What to do
Would you output the listing exactly, with every image omitted?

Material for the task
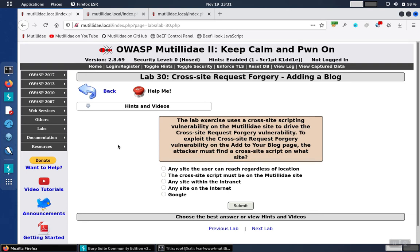Lab30 is asking: when we do a cross-site request forgery vulnerability, where does the cross-site script itself have to run from? Does it have to be in the site that's vulnerable to the request forgery, or can it be any site that the user has access to or can reach over the internet?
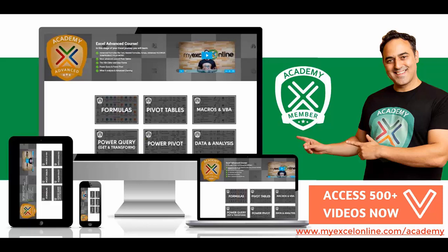So if you want to get better at Excel and stand out from your peers and stand out from the crowd so you can get noticed by top management and receive the promotions and pay rises that you deserve, then click below in the description and join the My Excel Academy online course so you can get better at Excel today.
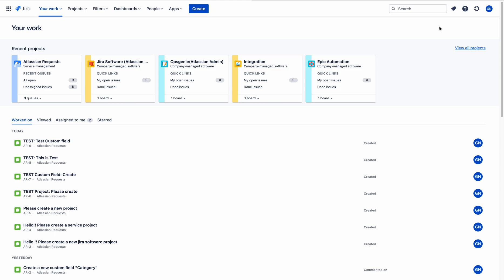Hello, I am Naresh. In this video I will show you how to create queues in a JSM project.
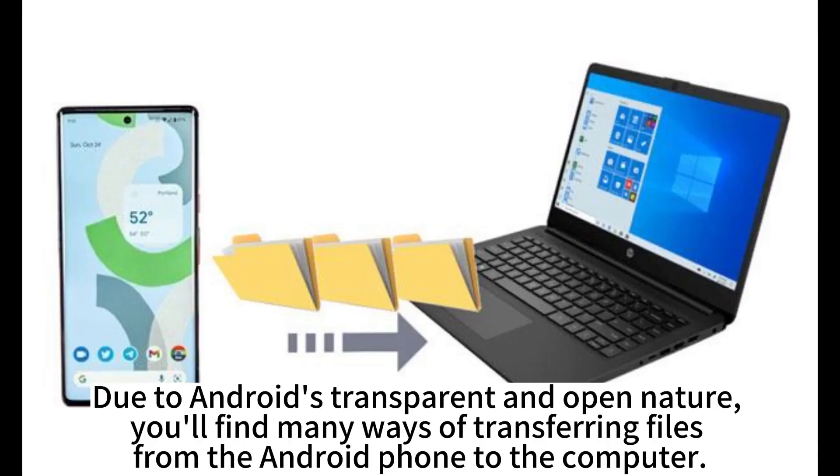Due to Android's transparent and open nature, you'll find many ways of transferring files from the Android phone to the computer.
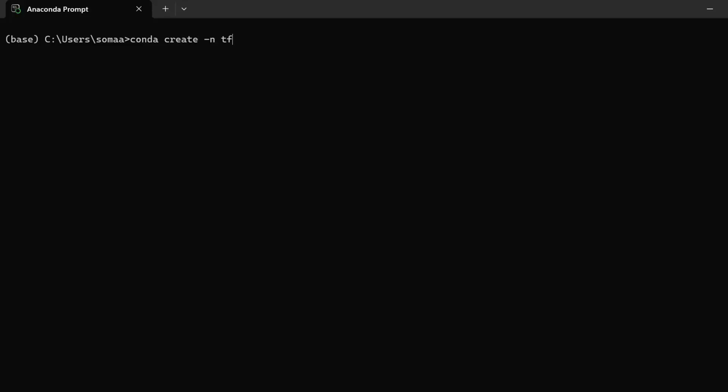We can create a new environment by writing this command: conda create -n. Then we can name our new environment, such as tensorflow_env or tf_env.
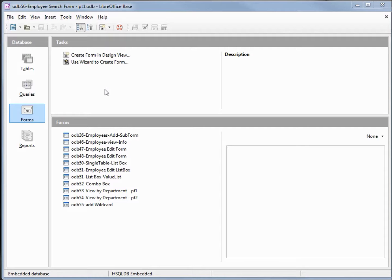I've made a copy of ODB 55 and I'm calling this one ODB 56 Employee Search Form Part 1. I'm going to add a few more fields to the form we've been working on and try and make it look a little nicer.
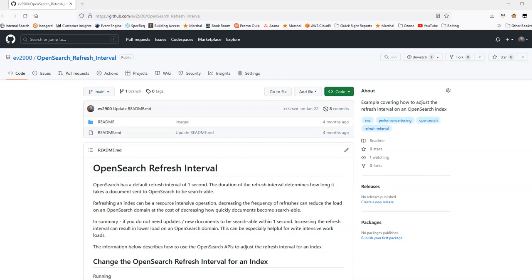If you don't specify a value for the refresh interval, OpenSearch will default to one second. Another way to think about a refresh interval is it determines how long it takes a document sent to OpenSearch to become searchable.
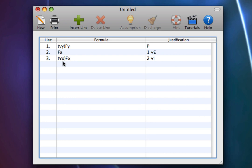Second, the variable you introduce in the inferred formula cannot already exist in that formula. Third, you must replace every instance of the constant.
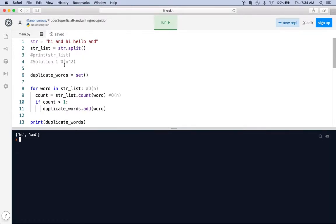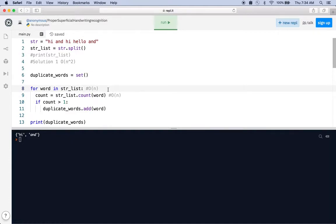However, this is not an efficient solution. We have a for loop, and if there are n items in the list, we have to iterate over all of them. In terms of Big O notation, that's O(n) — if there are five items the loop runs five times, if there are n items it runs n times.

Solved problem
Lab30 is asking: when we do a cross-site request forgery vulnerability, where does the cross-site script itself have to run from? Does it have to be in the site that's vulnerable to the request forgery, or can it be any site that the user has access to or can reach over the internet?
So if you want to get better at Excel and stand out from your peers and stand out from the crowd so you can get noticed by top management and receive the promotions and pay rises that you deserve, then click below in the description and join the My Excel Academy online course so you can get better at Excel today.
Hello, I am Naresh. In this video I will show you how to create queues in a JSM project.
Due to Android's transparent and open nature, you'll find many ways of transferring files from the Android phone to the computer.
We can create a new environment by writing this command: conda create -n. Then we can name our new environment, such as tensorflow_env or tf_env.
I've made a copy of ODB 55 and I'm calling this one ODB 56 Employee Search Form Part 1. I'm going to add a few more fields to the form we've been working on and try and make it look a little nicer.
If you don't specify a value for the refresh interval, OpenSearch will default to one second. Another way to think about a refresh interval is it determines how long it takes a document sent to OpenSearch to become searchable.
Second, the variable you introduce in the inferred formula cannot already exist in that formula. Third, you must replace every instance of the constant.
However, this is not an efficient solution. We have a for loop, and if there are n items in the list, we have to iterate over all of them. In terms of Big O notation, that's O(n) — if there are five items the loop runs five times, if there are n items it runs n times.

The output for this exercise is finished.